The head of the World Bank on Monday urged China to rebalance its export-driven economy and said taming rising inflation remained the most important challenge for the country in the short term.
Robert Zoellick said the world's second-largest economy would have to focus more on domestic demand, and warned that the coming months would be a "sensitive time" for many of the major developed economies.
"It's hard for me to see that a continued reliance on export-led and investment-led growth will work for China over the next 10 years," he told journalists at the end of a five-day official visit to China.
"And that challenge will even become clearer if the major developed countries have a hard time resuming their growth. So China needs to rebalance its economy, rely on more domestic demand, and increase consumption."
The World Bank in July reclassified China as an upper middle income economy, putting it in a group of nations that he said needed to move on from the growth models they relied on while they were poor.
Zoellick said inflation remained the biggest short-term challenge for China's leaders, but that moves to rein in rising prices appeared to be working.
"It's too early to conclude that this has been solved, but I think China has been moving in the right direction," he said.
Beijing has been struggling to tame inflation, which hit a three-year peak of 6.5 percent in July. The August figure will be published on Friday.
The government has raised interest rates five times since October and tightened lending restrictions numerous times this year to stem a flood of credit in the economy.

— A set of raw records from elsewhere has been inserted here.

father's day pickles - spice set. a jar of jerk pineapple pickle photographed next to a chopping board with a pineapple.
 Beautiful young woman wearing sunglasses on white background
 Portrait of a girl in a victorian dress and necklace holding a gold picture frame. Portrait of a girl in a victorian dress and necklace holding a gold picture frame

It has also allowed the yuan to strengthen at a faster pace in recent weeks to help curb imported inflation.
Zoellick said it was time for all countries -- and not just China -- to review their growth model, as a poor US jobs report on Friday added to fears that the world's largest economy is facing another recession.
"I believe this autumn will be a sensitive time for many of the major developed countries," he said, repeating a warning in a speech Saturday that the global economy was heading into a new "danger zone".

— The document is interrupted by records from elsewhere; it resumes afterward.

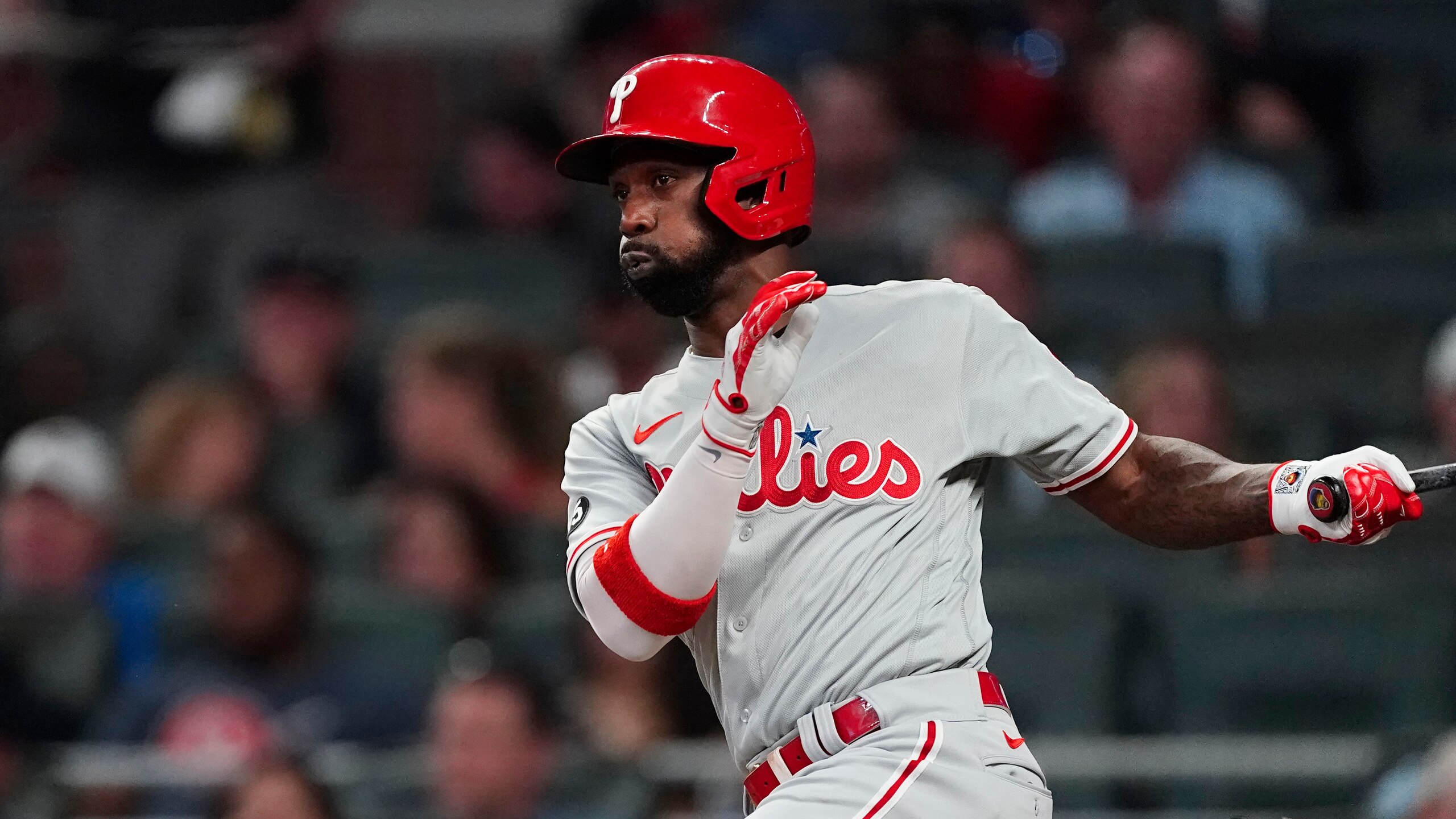 Philadelphia Phillies center fielder Andrew McCutchen (22) bats during a baseball game against the Atlanta Braves Wednesday, Sept. 29, 2021, in Atlanta. (AP Photo/John Bazemore)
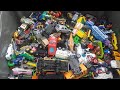 Several toy cars randomly selected and shown in hands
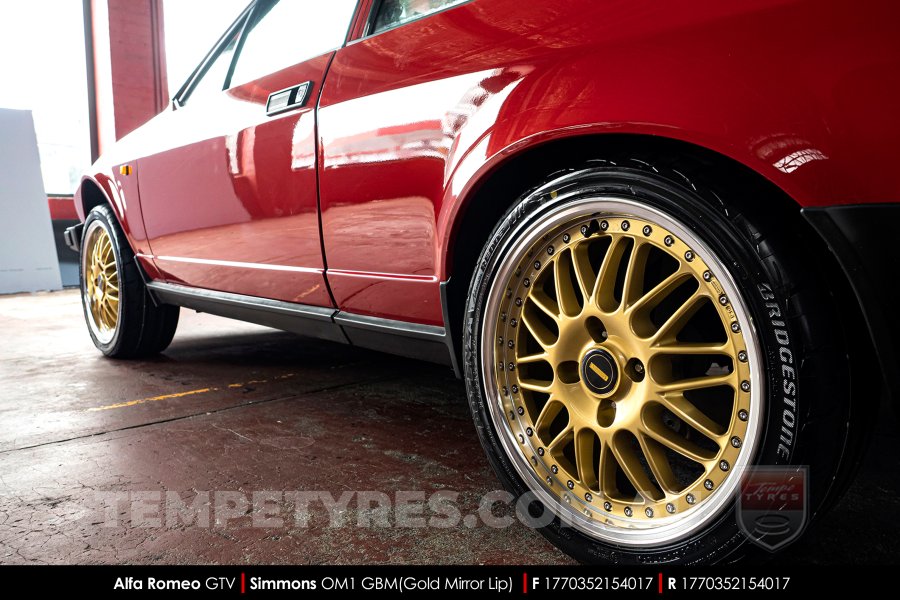 17x7.0 17x8.5 Simmons OM-1 Gold on Alfa Romeo GTV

Zoellick also warned that European banks would come under pressure if governments failed to reassure investors about the security of their debt.
"If the values of sovereign debts strengthen in Europe, the banks will be stronger. But if the governments are unable to deal with the sovereign debt issues, it will undoubtedly put strain on the banks," said Zoellick.
His comments come after ratings agency Standard & Poor's last week said a second-quarter slowdown had increased the risk of a double dip recession in Europe, but that the region should escape with sluggish growth this year.